The poets won’t like it, or so one first thinks. How could Hopkins have praised ‘skies of couple-colour as a brinded cow’ without a hyphen? In fact, the jury is still out on hyphens in poetry. Many early poets’ work varies hyphenation in different versions of the same text.

Nor do style guides agree on the hyphen. Fowler’s Modern English Usage makes a detailed study, then admits ‘usage is so variable as to be better named caprice’. Another style book says: ‘If you take hyphens seriously you will surely go mad.’ Sir Ernest Gowers, author of The Complete Plain Words, replies: ‘I have no intention of taking hyphens seriously.’

So it doesn’t matter if they are being used less frequently? It does matter, but more because of politics than poetry or punctuation. Arab-Americans, for example, might set much store by them at the moment, just as other hyphenated Americans did when President Woodrow Wilson disparaged them back in 1919: ‘I think the most un-American thing in the world is a hyphen — any man who carries a hyphen about with him carries a dagger that he is ready to plunge into the vitals of this republic.’
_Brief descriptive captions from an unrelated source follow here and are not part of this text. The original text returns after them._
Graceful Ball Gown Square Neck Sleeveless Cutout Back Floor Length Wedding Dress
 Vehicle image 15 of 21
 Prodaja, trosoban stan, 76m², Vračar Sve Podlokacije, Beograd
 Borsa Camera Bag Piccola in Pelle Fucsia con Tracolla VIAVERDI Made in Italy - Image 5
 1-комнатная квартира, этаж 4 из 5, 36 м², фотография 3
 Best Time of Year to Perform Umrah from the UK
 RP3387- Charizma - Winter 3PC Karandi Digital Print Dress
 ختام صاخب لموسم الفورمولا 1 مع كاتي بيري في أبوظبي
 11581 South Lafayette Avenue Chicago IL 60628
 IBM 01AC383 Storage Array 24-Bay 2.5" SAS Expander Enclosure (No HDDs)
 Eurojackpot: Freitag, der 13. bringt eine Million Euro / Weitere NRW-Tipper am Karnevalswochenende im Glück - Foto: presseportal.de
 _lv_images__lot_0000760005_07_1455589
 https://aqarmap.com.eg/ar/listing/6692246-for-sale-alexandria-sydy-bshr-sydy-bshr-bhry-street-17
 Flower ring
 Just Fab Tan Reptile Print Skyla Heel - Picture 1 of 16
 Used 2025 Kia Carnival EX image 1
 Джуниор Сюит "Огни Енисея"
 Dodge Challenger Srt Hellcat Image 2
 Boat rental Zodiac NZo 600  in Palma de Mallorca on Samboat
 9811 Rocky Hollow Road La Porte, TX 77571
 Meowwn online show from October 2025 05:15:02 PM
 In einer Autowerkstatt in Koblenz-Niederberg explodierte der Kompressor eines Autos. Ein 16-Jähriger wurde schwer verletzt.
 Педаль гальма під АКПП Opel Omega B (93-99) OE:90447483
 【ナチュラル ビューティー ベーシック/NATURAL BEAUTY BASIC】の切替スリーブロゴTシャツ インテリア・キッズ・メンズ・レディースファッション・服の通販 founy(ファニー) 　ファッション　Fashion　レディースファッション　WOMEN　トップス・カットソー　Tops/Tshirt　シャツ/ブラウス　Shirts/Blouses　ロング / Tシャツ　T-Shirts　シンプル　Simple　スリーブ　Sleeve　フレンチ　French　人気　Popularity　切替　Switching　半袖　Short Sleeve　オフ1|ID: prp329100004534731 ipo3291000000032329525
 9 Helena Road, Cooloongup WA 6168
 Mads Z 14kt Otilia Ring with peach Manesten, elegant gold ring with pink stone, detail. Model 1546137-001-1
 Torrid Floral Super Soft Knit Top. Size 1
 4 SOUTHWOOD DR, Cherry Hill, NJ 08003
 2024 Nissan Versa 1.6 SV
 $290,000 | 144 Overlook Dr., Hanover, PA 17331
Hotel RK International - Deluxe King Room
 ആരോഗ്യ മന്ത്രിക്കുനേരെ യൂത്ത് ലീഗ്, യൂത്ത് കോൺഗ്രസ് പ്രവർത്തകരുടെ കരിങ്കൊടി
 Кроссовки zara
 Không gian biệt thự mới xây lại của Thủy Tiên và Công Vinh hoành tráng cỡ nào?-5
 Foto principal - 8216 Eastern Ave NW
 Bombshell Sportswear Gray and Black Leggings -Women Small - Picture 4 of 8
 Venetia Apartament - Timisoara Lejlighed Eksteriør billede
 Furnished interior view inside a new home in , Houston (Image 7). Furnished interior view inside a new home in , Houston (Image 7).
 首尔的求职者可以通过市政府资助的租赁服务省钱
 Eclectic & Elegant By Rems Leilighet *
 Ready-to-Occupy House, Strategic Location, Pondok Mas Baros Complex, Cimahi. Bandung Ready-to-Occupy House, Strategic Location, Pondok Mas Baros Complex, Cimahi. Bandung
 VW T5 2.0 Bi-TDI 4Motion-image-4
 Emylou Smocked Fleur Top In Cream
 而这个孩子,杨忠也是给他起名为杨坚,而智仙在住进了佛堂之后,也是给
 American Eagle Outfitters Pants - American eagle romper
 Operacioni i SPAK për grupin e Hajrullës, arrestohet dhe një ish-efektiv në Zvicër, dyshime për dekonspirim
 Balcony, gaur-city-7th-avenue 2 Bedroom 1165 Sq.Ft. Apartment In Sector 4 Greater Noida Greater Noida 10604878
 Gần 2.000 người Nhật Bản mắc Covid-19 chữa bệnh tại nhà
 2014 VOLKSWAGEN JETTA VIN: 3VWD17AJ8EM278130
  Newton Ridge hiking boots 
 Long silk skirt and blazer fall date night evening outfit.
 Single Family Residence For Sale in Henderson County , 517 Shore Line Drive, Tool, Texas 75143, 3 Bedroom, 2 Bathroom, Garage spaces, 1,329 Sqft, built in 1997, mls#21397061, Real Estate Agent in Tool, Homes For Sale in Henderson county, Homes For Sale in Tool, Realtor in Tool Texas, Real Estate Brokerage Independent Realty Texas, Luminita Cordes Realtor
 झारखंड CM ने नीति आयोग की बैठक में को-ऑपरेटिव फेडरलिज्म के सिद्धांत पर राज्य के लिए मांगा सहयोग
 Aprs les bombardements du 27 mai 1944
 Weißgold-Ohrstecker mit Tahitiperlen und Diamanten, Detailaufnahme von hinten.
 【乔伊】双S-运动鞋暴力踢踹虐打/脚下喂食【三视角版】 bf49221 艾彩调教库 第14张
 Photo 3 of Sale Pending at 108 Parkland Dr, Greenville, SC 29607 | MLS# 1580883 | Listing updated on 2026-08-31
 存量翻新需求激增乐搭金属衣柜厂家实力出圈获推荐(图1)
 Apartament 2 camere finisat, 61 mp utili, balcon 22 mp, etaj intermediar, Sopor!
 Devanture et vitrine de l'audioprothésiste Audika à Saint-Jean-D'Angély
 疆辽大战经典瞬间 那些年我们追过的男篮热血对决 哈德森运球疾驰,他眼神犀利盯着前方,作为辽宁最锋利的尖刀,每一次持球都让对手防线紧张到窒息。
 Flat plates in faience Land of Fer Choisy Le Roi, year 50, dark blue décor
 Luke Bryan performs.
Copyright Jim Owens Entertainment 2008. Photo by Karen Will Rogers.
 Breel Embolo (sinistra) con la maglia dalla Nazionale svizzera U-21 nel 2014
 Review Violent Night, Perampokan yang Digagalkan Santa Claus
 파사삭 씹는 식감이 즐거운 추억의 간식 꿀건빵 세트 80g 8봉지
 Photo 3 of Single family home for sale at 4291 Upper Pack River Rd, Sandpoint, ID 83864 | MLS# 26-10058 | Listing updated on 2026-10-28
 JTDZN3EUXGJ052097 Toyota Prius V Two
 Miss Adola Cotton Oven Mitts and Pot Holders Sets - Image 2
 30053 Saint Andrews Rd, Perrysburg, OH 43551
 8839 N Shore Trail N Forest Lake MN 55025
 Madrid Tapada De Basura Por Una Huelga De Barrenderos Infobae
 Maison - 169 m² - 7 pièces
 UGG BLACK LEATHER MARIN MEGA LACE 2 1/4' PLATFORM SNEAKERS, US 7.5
Actually, the great thing about American society is that it compounds and separates at the same time, making both the universal and exceptional case. That’s also the virtue of the term-cleaving hyphen. Maybe its death onscreen is really saying something about the American empire and its provinces in cyberspace. Perhaps this is a moment anthropologists of the future, looking down like hungry falcons on the blue-bleak embers of our world, will identify as a tipping point. Or tipping-point.